强化学习的一些应用-入侵检测方向论文

王茂南

3372
文章

75
评论

2020年9月7日07:31:23

评论1 11675字阅读38分55秒

摘要这一篇文章记录一下强化学习在网络流量检测, 入侵检测方面的相关应用.

文章目录(Table of Contents)

简介

这一篇还是会介绍一下强化学习在实际中的应用. 之前一篇讲过强化学习在控制信号灯上的应用, 强化学习的一些应用-信号灯方向论文. 这一篇主要介绍强化学习在入侵检测, 网络流量检测, 加密流量上的应用. 主要还是以论文介绍为主.

Application of deep reinforcement learning to intrusion detection for supervised problems

Lopez-Martin, Manuel, Belen Carro, and Antonio Sanchez-Esguevillas. "Application of deep reinforcement learning to intrusion detection for supervised problems." Expert Systems with Applications 141 (2020): 112963.

这一篇论文, 作者主要使用了不同的强化学习的方法(本文使用了四种强化学习的方法), 来进行入侵检测相关的实验, 并与传统的方法进行了比较. (In this work we present a novel application of several deep reinforcement learning (DRL) algorithms to intrusion detection using a labeled dataset.)

最终得到的结论是, 使用DDQN可以获得比较好的结果, 同时速度比较快.(The conclusion of this comparison is that our proposed framework, using the DDQN algorithm, offers a prediction performance better or similar to the state-of-the-art (SOTA) models, for the two datasets, with the additional advantage of being faster at prediction time.)

本文的创新点

One important objective for this work is to show that, with some adaptations, we can apply a DRL algorithm using a dataset of labeled samples without interacting with a live environment, as required by the classic DRL framework, and to present in detail the adjustments needed to perform these adaptations. (一个创新点是如何将DL的方法用在入侵检测上, 因为此时我们是无法与环境进行互动的)
An important result is that the succession of states does not form a sequence since the samples in the dataset are usually independently distributed. This is not the case for classic DRL problems, where the states form a natural sequence and the next state depends on previous states and actions. (这是因为传统的RL的方法, state之间前后只有联系的, 但是在入侵检测的数据中, 前后的样本都是独立的)
We must take special care with the values of some parameters if we want to obtain good results.

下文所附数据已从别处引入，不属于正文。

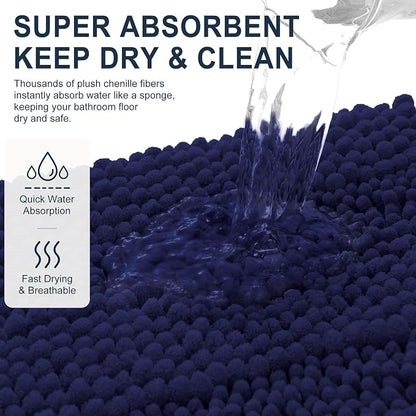 Smiry Thick Small Chenille Bathroom Rugs 24x16, Bath Mat, Twilight Sapphire | Quick‑Dry & Machine Washable, Non‑Slip Bath Carpet, Soft Striped Bath Rugs for Tub & Shower, Modern Home Decor Accessories
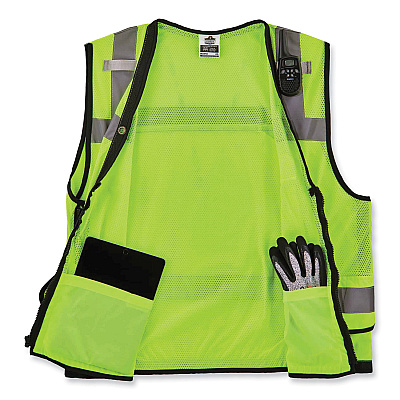 ergodyne GloWear 8253HDZ Class 2 Heavy-Duty Mesh Surveyors Vest, Polyester, Large/X-Large, Lime (EGO23325)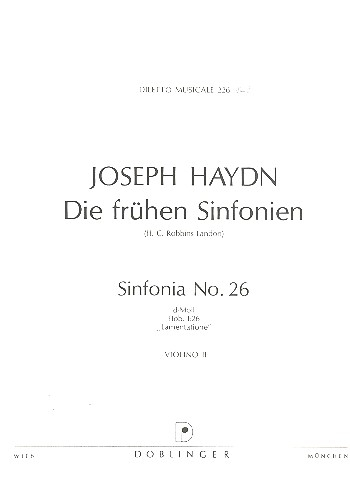 Sinfonie d-Moll Nr.26 Hob.I.26 für Orchester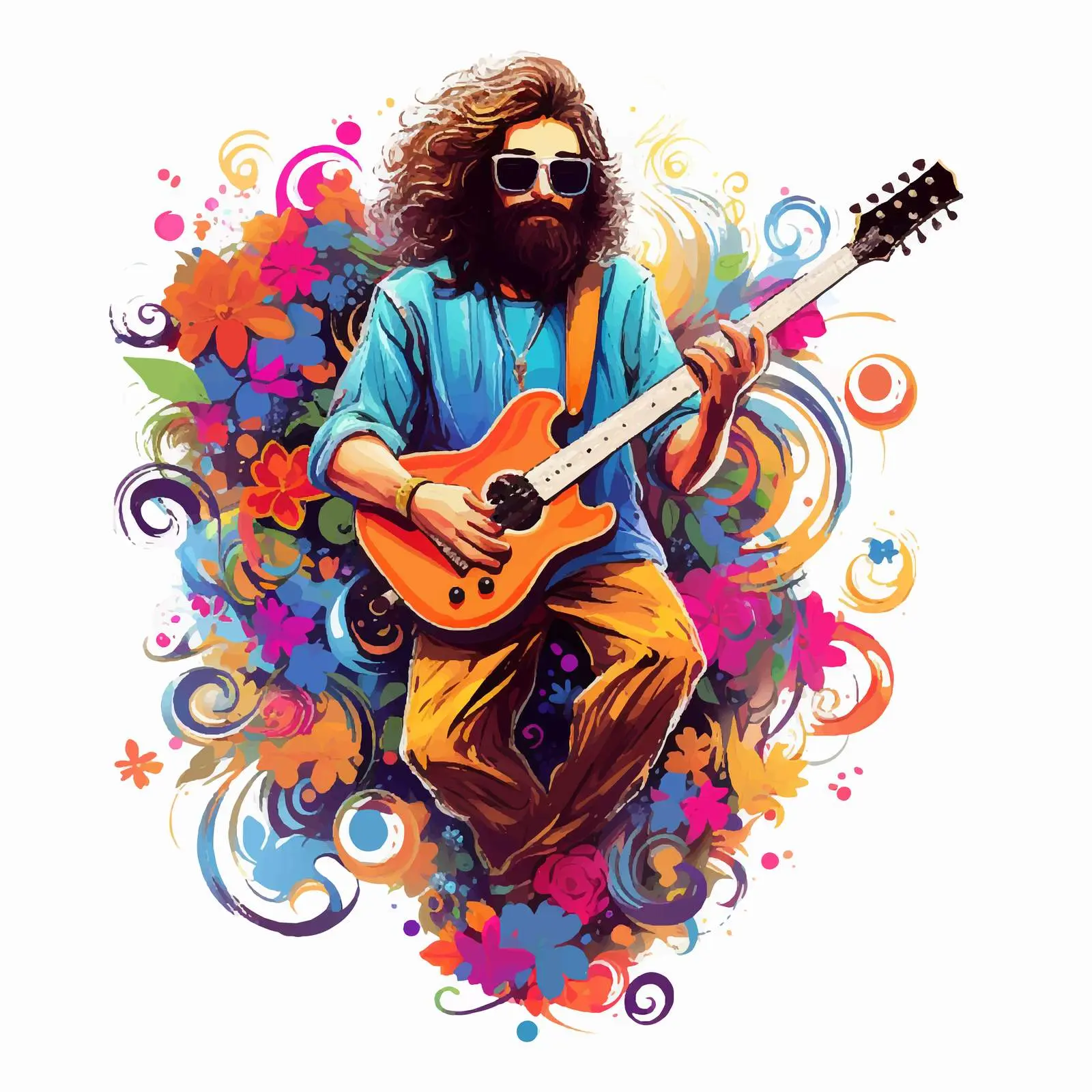 Hippie Character with Music Notes and Colors — free download from Dotvec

Such a parameter is the discount factor, whose value must be very low, contrary to the value that is generally found in classic DRL configurations. (一种简单的处理方法就是将折扣因子, discount factor, 设置得比较小, 这样相当于着重考虑当前得reward, 忽略前后之间得关系.)
The conclusion of this comparison is that our proposed framework, using the DDQN algorithm, offers a prediction performance better or similar to the state-of-the-art (SOTA) models, for the two datasets, with the additional advantage of being faster at prediction time. (本文使用得方法, DDQN可以获得比较好的实验效果, 同时因为在强化学习里面, 网络比较简单, 所以整体训练的速度是比较快的)

再次总结一下本文的优点, 本文的主要贡献:

The neural networks used to implement the classifier: Policy, Value or Q functions, are simple and fast, which makes them appropriate for new networks with demanding requirements, such as Internet of Things (IoT) Networks. (RL中网络比较简单, 训练速度快, 可以用在IoT等设备上)
The resulting neural network is suitable for distributed high-performance computing environments (e.g. Tensorflow); (最后得到的网络可以用在分布式高性能的计算设备上)
The reward function used to drive detection can be extremely flexible and does not need to be differentiable. (reward function可以很容易用在不同的检测问题上面)
The nature of the model allows a simple update of the parameters learned in case of new data available (on-line learning)

本文的相关实验的总体介绍

本文主要使用两个数据集, NSL-KDD和AWID.
本文所用的四种强化学习的模型, Deep Q-Network (DQN), Double Deep Q-Network (DDQN), Policy Gradient (PG) and Actor-Critic (AC). (这篇文章的模型结构描述很直观, 值得学习)
这四种方法会和其他9种模型进行比较, 这9种模型分别是, Support Vector Machine (SVM), Logistic Regression, Naive Bayes (NB), K-Nearest Neighbors (KNN), Random Forest, Gradient Boosting Machine (GBM), AdaBoost, MLP and Convolutional Neural Network (CNN). (这篇文章方法比较时用的图也比较好看, 值得学习)

总共做的实验如下所示:

NSL-KDD数据集
- 强化学习模型与其他模型的比较;
- 强化学习模型中取不同的discount factor对结果的影响;
- 强化学习模型与其他模型在训练时间上的比较;
AWID数据集
- 强化学习模型与其他模型的比较;
- 强化学习模型中取不同的discount factor对结果的影响;
- 强化学习模型与其他模型在训练时间上的比较;

本文的数据集介绍

在本文进行的实验中, 选择了两个数据集, 分别是NSL-KDD和AWID. 他选择数据集需要满足下面的7个要求.

(1) labeled datasets
(2) unbalanced but with a different level of imbalance, which allows studying the behavior in different conditions (能有不同程度的数据不平衡)
(3) a predefined split for the training and test sets, which offers a means to compare results from different works (有分好的训练集和测试集)
(4) well-known datasets, which make available a sufficient number of results from previous works
(5) to include older and more recent datasets, to increase generality/variability,
(6) data coming from different network architectures (e.g. fixed-line vs wireless networks), and
(7) the need to have a data volume large enough to have significant results, but limited by practical restrictions of memory and CPU time.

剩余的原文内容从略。